大きなイスに足を組んで座る「おませな座り方」にも思わず笑みがこぼれます。
こちらから購入も可能です。
「麗子肖像(麗子五歳之像)」岸田劉生
岸田劉生の、子どもの絵といえば「麗子像」が有名です。
口を凛ととじて微笑む姿は、子どもらしいかわいさというよりは大人びた表情にみえます。
「麗子像」は重要文化財に指定された作品ですが「家に飾りたいかわいい絵」とは違うかもしれません。
麗子は、岸田劉生の長女です。
小さいころから絵のモデルをしていました。
そのほとんどは右横をむいている構図で、表情は口をとじて凛としています。
ただ、岸田劉生が麗子を初めて描いたと言われている麗子が五歳(実際は四歳半)の肖像だけは正面を向いています。
口をとじて凛とした表情ではなく、手に一輪の花を持ってこちらの様子をうかがっているような自然な表情です。
頬は日に焼けたように小麦色で子どもらしくふっくらとしています。
思わず「こういう子いるよね」と微笑みたくなる作品です。
「麗子肖像(麗子五歳之像)」はオレンジ色の背景に縁がついた青色の背景が重なっています。
つまり、岸田劉生は麗子の実物をみながら描いたのではなく、青い背景の麗子の絵をさらに描いたことになります。
オレンジ色の背景にはヒビまで描きこまれ、石造りの壁にもみえるのです。
この作品は、オレンジ色の背景まで含めてみていると麗子が平面的にみえ、青い背景部分だけをトリミングしてみると麗子が立体的にみえます。
麗子の子どもらしいかわいさを重視するならば、あえて青い背景部分だけをトリミングして額装してもいいのではないでしょうか。
「窓ガラスに絵を描く少女」いわさきちひろ
いわさきちひろの作品は、にじみを使った淡くやさしい絵です。
描くものは子どもで、根強いファンもたくさんいます。
「窓ガラスに絵を描く少女」は、画面の中央で、子どもの少女が指を使って絵を描いています。
上から下まで水がたれたような跡があり、まるで雨がガラスを伝っているようにも見えるのです。
さらに、少女の足まで描かないことで室内と外気の温度差によって結露が発生しているようにも感じます。
絵を見る人は、ガラスの外にあり室内で絵を描いている少女を外からのぞき見しているような感覚になるのです。
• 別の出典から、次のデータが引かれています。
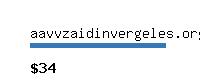 aavvzaidinvergeles.org Website value calculator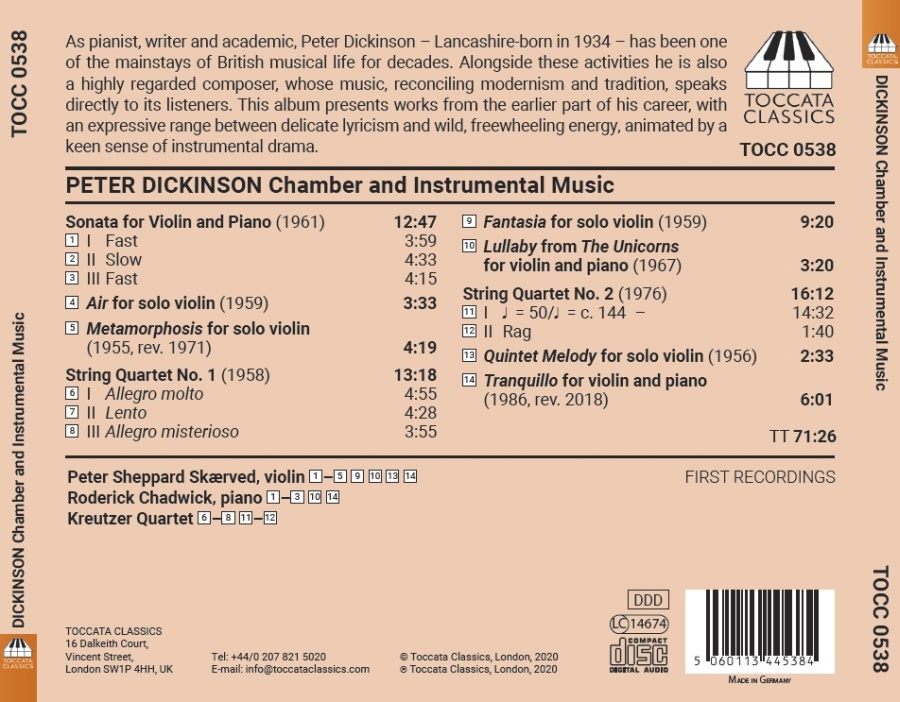 Dickinson: Chamber & Instrumental Music - slide-1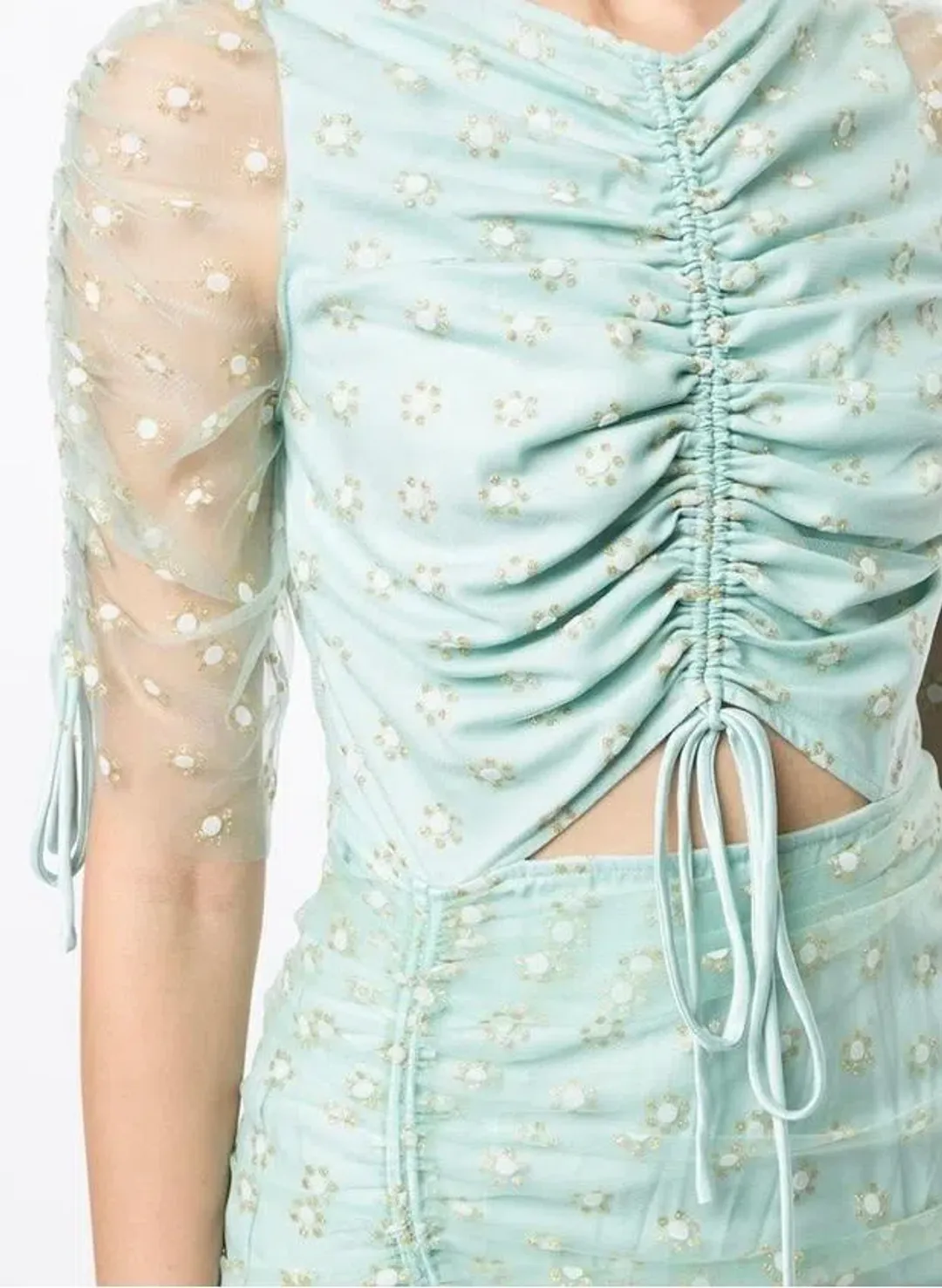 Alice McCall Stardust Midi Dusty Peppermint Dress Size AU 8 for rent on The Volte - main image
思わず見る側が「かわいいな」と笑顔になる状況ではないでしょうか。
いわさきちひろの作品は美術館では、木製の額に白い大きなマットをあわせて展示されています。
いわさきちひろの作品は色が淡く薄いため、色が濃い重厚な額装をしてしまうと作品が引き立ちません。
スッキリとした額装が、和室にも洋室にも、そして子ども部屋にも合うでしょう。
番外編:絵本「よるくま」の酒井駒子
酒井駒子は、1966年生まれの絵本作家です。
代表作「よるくま」は、ちいさな男の子がちいさな熊と一緒に熊のお母さんを探すおはなしです。
子どもの表情もかわいいのですが、ちいさな熊の表情もまるで人間の子どものように豊かでかわいらしい絵となっています。
酒井駒子は、子どもの絵をたくさん描いています。
いわさきちひろの作風とは異なり、油絵を思わせる重厚な描き方です。
2005年の「金曜日の砂糖ちゃん」は絵本の挿絵というよりも一枚一枚が絵画のように描かれています。
東京芸術大学美術学部卒業というずば抜けたデッサン力は、子どものなにげない一瞬の表情をとらえ、写真以上の子どもらしさが絵によって伝わってきます。